Iron (ferric chloride) is widely used in water purifiers as a protein coagulant, and in veterinary medicine as a hemostat.
Inorganic mercuric bichloride, one of the early antiseptics, was later replaced by the less irritating and less toxic organic mercurials—eg, merbromin, thimerosal (49% mercury), nitromersol, and phenylmercuric nitrate.
Thimerosal is used as a preservative in some veterinary (and human) vaccines. In some instances, it has been replaced by other vaccine preservatives, such as gentamicin, amphotericin B, or 2-phenoxyethanol.
At moderate concentrations, the organic mercurials are bacteriostatic, inhibiting bacterial enzymes through their affinity for sulfhydryl groups. This effect can be reversed by sulfur-containing compounds—eg, cysteine or glutathione. Mercurials are not effective against spores. Use of mercurial antiseptics or disinfectants has decreased, partly because of their environmental persistence and contaminant potential. Repeated application of topical mercurials can result in appreciable absorption and systemic toxicosis.
Silver compounds: Silver is a remarkably safe, nontoxic metal for humans and animals, and consumer uses of silver range from the disinfection of medical devices, textiles, cosmetics, and home appliances to the treatment of water. Silver compounds can have caustic, astringent, antimicrobial, antiviral, and antifungal effects. The antimicrobial action of silver or silver compounds is proportional to the amount of bioactive silver ion (Ag+) released and its availability to interact with bacterial or fungal cell membranes. Silver metal and inorganic silver compounds ionize in the presence of water, body fluids, and tissue exudates. Silver ions readily interact with proteins, amino acid residues, free anions, and receptors on mammalian and bacterial cell membranes. Silver ions precipitate proteins by combining with amino, phosphate, sulfhydryl, and carboxyl groups. Silver ions also interfere with essential metabolic activities of microbial cells.
Pure silver nanoparticles (AgNPs) are more efficient than silver ions. Pure silver is used against many different pathogens, especially those that are resistant to multiple antimicrobials and are thus particularly difficult to treat. AgNPs, it is thought, can interact with the disulfide bonds of glycoproteins/proteins in viruses, bacteria, and fungi. AgNPs have the advantage of being nontoxic at low concentrations and having a wide range of antimicrobial action against at least 12 bacterial species, including multiresistant bacteria like methicillin-resistant Staphylococcus aureus(MRSA), as well as multidrug-resistant Pseudomonas aeruginosa, ampicillin-resistant E coli O157:H7, and erythromycin-resistant Streptococcus pyogenes.
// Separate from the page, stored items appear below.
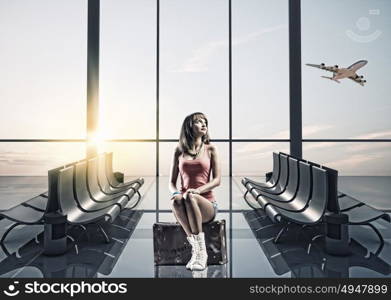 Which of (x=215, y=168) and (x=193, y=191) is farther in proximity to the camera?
(x=215, y=168)

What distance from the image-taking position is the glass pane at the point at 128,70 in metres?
6.77

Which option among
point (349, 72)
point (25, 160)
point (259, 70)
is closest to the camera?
point (25, 160)

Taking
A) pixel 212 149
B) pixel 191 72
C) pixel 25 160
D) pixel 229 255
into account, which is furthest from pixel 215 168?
pixel 25 160

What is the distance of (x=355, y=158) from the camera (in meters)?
8.45

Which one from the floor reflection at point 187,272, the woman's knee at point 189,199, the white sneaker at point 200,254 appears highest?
the woman's knee at point 189,199

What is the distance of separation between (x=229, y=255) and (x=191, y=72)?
6.61 metres

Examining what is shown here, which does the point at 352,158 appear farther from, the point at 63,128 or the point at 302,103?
the point at 63,128

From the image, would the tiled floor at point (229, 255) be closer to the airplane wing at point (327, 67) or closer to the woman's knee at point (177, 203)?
the woman's knee at point (177, 203)

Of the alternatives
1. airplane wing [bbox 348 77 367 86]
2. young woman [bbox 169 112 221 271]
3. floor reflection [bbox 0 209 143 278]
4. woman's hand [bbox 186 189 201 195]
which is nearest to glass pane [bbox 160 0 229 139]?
floor reflection [bbox 0 209 143 278]

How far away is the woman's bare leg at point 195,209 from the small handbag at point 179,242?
16 cm

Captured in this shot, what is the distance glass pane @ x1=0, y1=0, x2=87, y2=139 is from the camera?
871cm

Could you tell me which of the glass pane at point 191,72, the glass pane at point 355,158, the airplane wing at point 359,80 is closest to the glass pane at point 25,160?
the glass pane at point 191,72

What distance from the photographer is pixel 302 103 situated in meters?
6.58

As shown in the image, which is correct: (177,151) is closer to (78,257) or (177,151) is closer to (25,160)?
(78,257) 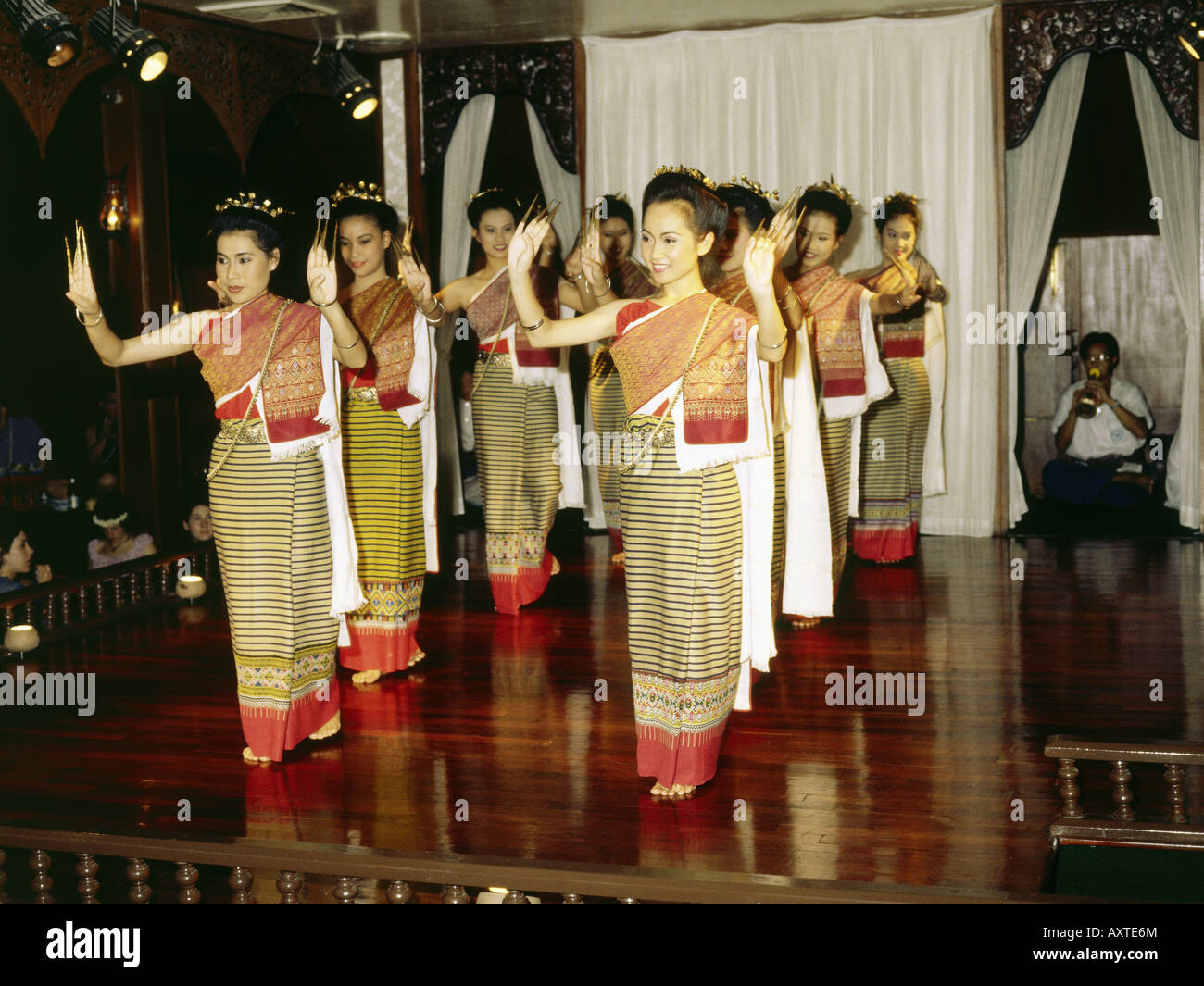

Silver has been used for centuries to disinfect cutlery and dishes, with an innate understanding of its antimicrobial action. In efforts to develop food packaging that has antimicrobial properties, silver ions have been incorporated into polylactide films that have been shown to have a dramatic antimicrobial effect on Salmonella enterica and feline calicivirus (FCV) activity in vitro, and greater effects at higher silver concentrations. (FCV is used as a surrogate for norovirus—a virus that causes vomiting and diarrhea in humans—because FCV is more easily grown in cell culture.) In vivo, the type of food available and the temperature of the environment strongly affect the antimicrobial activity of silver.
A 0.1% aqueous silver solution is bactericidal but somewhat irritating to tissue; a 0.01% solution is bacteriostatic. A 0.5% solution is sometimes applied as a dressing on burns to decrease infection and induce rapid eschar formation. Silver is frequently used for wound management in veterinary and human medicine: silver sulfadiazine cream and silver-impregnated wound dressings are widely available.
Colloidal silver compounds, which release silver ions slowly, are bacteriostatic and have a more sustained effect than other silver compounds. They do not irritate the tissues, and they have little astringent or caustic effect. They are generally used as mild antiseptics and in ophthalmic preparations.